JQA was twenty-seven when he became minister to The Hague; the numerous letters that he wrote to JA during his service there in 1794 and 1795 are in the Adams Papers. On his diplomatic activities during the period, see Bemis, JQA , 1:50–65.

3.

Presumably this refers to the tangled and protracted Franco-American diplomacy during the period of the quasi-war with France while JA was President. On Gerry’s and Jay’s parts in these events, see Kurtz, The Presidency of John Adams, p. 235–401 passim. A number of letters from Jay and from Gerry to JA during these years are in the Adams Papers. The letters from Jay have been published in Jay, Correspondence and Public Papers ; letterbook versions of the Gerry letters to which CFA was probably alluding have recently been published in Elbridge Gerry’s Letterbook, Paris 1797–1798, edited by Russell W. Knight, Salem, 1966.

Thursday. 26th. CFA Thursday. 26th. CFA
Thursday. 26th.

Morning cloudy but it became beautifully clear by Noon. I went to Boston as usual. Busy in Commissions for the family, and in making 56up my Journal which by absence from town becomes burdensome, as I have two or three days to make up at a time. Went also to the Athenaeum, and was so generally engaged that I could not read at all. Such is the daily course of living out of town and such are the reasons that cause me to object to it. Wrote several dunning Notes which is my amusement. Returned to Quincy, having John Kirk with me who brought in a horse my father has been trying.
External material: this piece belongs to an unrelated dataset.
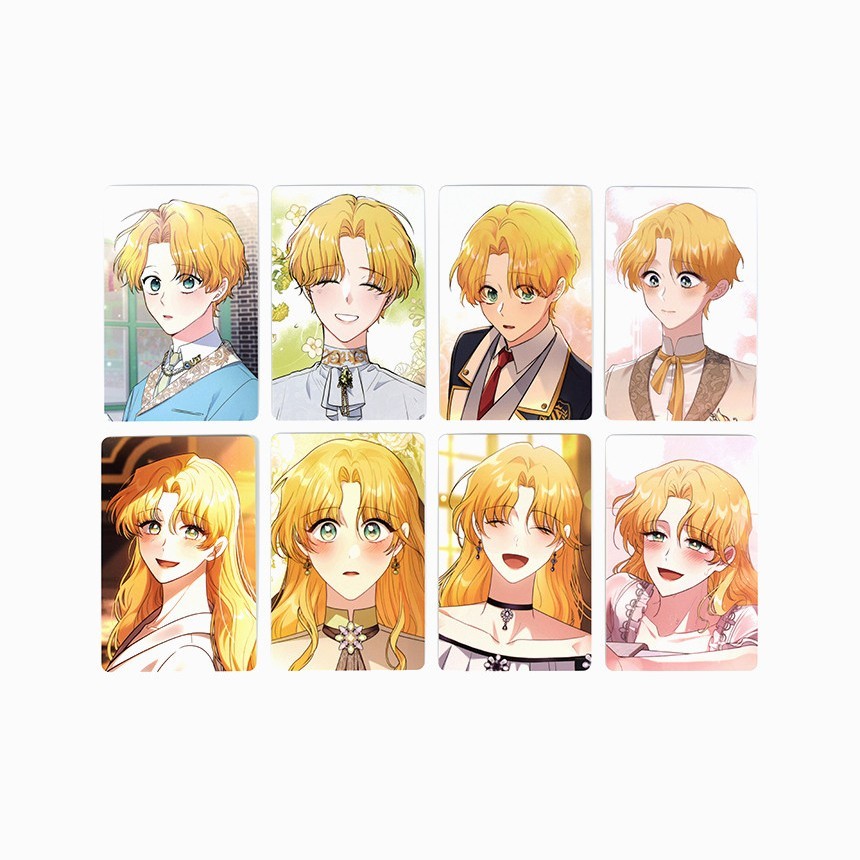 Webtoon MD [ Finding Camellia 참아주세요, 대공 ] Photocard Set 포토카드 세트 (SOONE251)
After dinner, I passed an hour in reading the Oration against Gabinius, and another in assorting Dr. Franklin’s Letters to my Grandfather. He had considerable difficulty with my Grandfather whose very uncompromising character did not suit him. And much of this History is a secret. And much of it is so debateable as to be dangerous matter to bring up.1

In the evening, I read a portion of Walter Scott’s book upon demonology,2 after which my old acquaintance, Baron Grimm and the Spectator.

1.

JA and Franklin served together, not always harmoniously, as Commissioners on all three joint American missions from 1778 to 1786. See JA, Diary and Autobiography , passim. Franklin’s letters to JA in the Adams Papers were written largely during those years.

2.

Sir Walter Scott, Letters on Demonology and Witchcraft. The edition at MQA was published at New York in 1830, the year of its original publication in London.